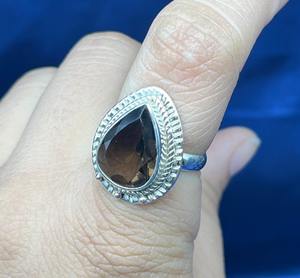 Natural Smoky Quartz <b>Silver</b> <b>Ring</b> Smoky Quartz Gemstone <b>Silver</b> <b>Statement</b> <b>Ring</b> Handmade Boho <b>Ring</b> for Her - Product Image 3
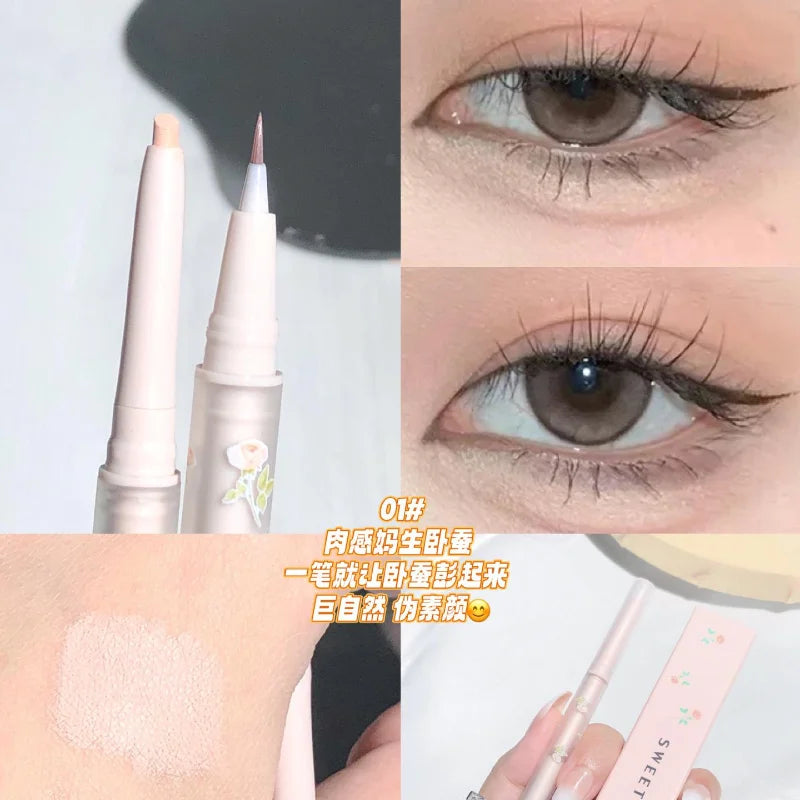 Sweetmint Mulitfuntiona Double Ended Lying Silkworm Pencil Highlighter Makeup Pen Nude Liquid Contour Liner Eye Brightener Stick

--

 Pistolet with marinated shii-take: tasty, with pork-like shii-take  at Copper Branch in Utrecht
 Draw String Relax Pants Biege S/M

> [THE TASK] Copy out the listing above from the line containing "Natural Smoky Quartz" to the line containing "Sweetmint Mulitfuntiona Double", both included, exactly as written and minus the images.

> [FINAL ANSWER]
 Natural Smoky Quartz <b>Silver</b> <b>Ring</b> Smoky Quartz Gemstone <b>Silver</b> <b>Statement</b> <b>Ring</b> Handmade Boho <b>Ring</b> for Her - Product Image 3
 Sweetmint Mulitfuntiona Double Ended Lying Silkworm Pencil Highlighter Makeup Pen Nude Liquid Contour Liner Eye Brightener Stick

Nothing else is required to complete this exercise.